**EXERCISE DATA:**

BEGIN

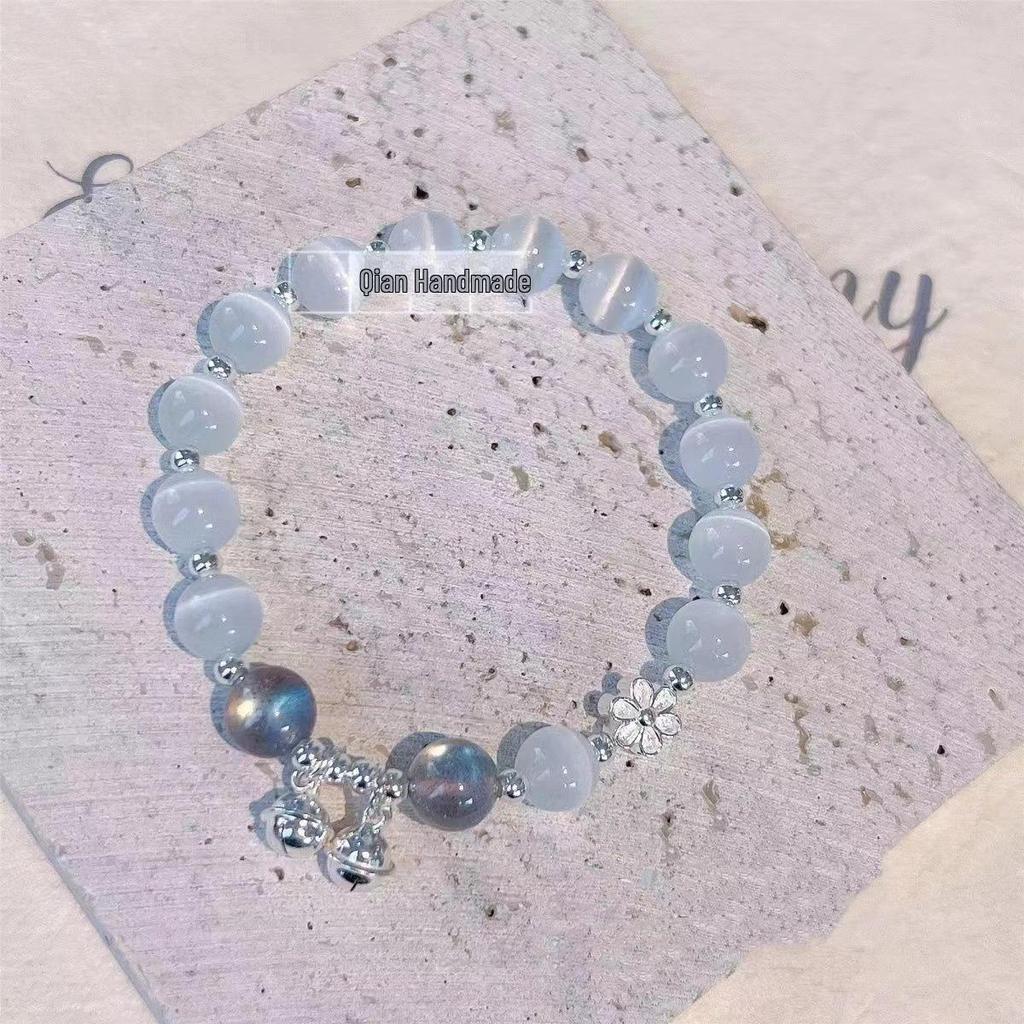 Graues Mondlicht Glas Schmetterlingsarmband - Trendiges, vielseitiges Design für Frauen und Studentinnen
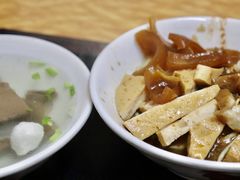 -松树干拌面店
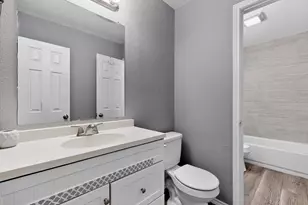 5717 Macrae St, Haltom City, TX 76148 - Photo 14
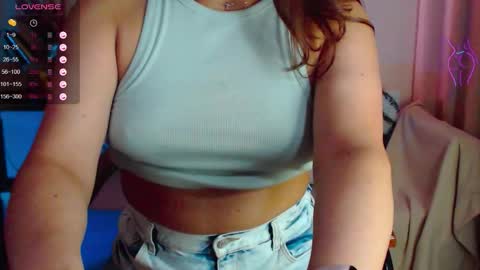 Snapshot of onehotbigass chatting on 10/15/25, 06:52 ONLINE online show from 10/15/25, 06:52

END

**ACTIVITY:** Write out the data above exactly, minus any images.

**COMPLETED TASK:**
 Graues Mondlicht Glas Schmetterlingsarmband - Trendiges, vielseitiges Design für Frauen und Studentinnen
 -松树干拌面店
 5717 Macrae St, Haltom City, TX 76148 - Photo 14
 Snapshot of onehotbigass chatting on 10/15/25, 06:52 ONLINE online show from 10/15/25, 06:52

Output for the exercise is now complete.